The mean Harris hip score improved from 32.4 pre-operatively to 80.7 at the last follow-up. The mean vertical position of the hip rotation centre changed from 60.9 mm pre-operatively to 31.7 mm post-operatively, and the mean horizontal position changed from 33.6 mm pre-operatively to 38.9 mm post-operatively. Greater trochanteric migration after extended trochanteric osteotomy occurred in one of six hips at 3 mo.
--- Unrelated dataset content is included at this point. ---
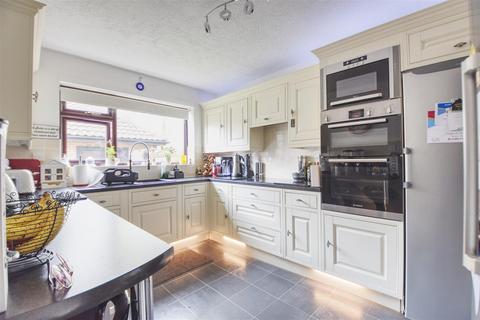 3 Robin Hill, Bexhill-on-sea, TN39 4QS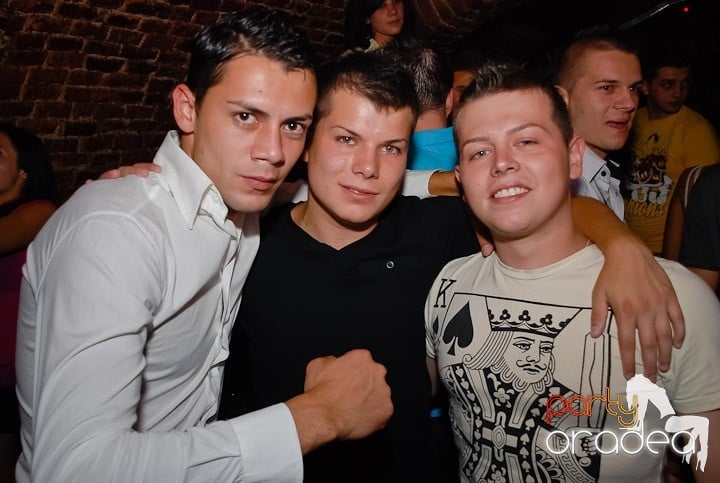 Miercuri seara în Club Escape,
There was no evidence of component migration at the last follow-up.
The short-term results suggest that our cup-on-cup technique could be considered an effective management option for Paprosky type IIIB acetabular bone defects without pelvic discontinuity.
Core tip: Paprosky type IIIB acetabular bone defects are very difficult to reconstruct. We developed our own cup-on-cup technique. We defined the tantalum metal (TM) revision shell with the peripheral titanium ring removed as a TM-cup augment and the cementless hemispherical acetabulum component combined with a TM-cup augment as the cup-on-cup technique. The short-term results suggest that our cup-on-cup technique could be considered an effective management option for Paprosky type IIIB acetabular bone defects without pelvic discontinuity.
- Citation: Du YQ, Liu YP, Sun JY, Ni M, Zhou YG. Reconstruction of Paprosky type IIIB acetabular bone defects using a cup-on-cup technique: A surgical technique and case series. World J Clin Cases 2020; 8(7): 1223-1231
- URL: https://www.wjgnet.com/2307-8960/full/v8/i7/1223.htm
- DOI: https://dx.doi.org/10.12998/wjcc.v8.i7.1223
Acetabular bone defects are becoming more common in revision total hip arthroplasty (THA). The reconstruction of the defects may be a surgical challenge. Several classification systems have described acetabular bone defects, but the most helpful for developing surgical strategies is the Paprosky classification[1,2]. Paprosky type IIIB defects are defined as “up and out” defects with more than 60% of the acetabular rim compromised and superomedial migration of femoral head greater than 3 cm[1].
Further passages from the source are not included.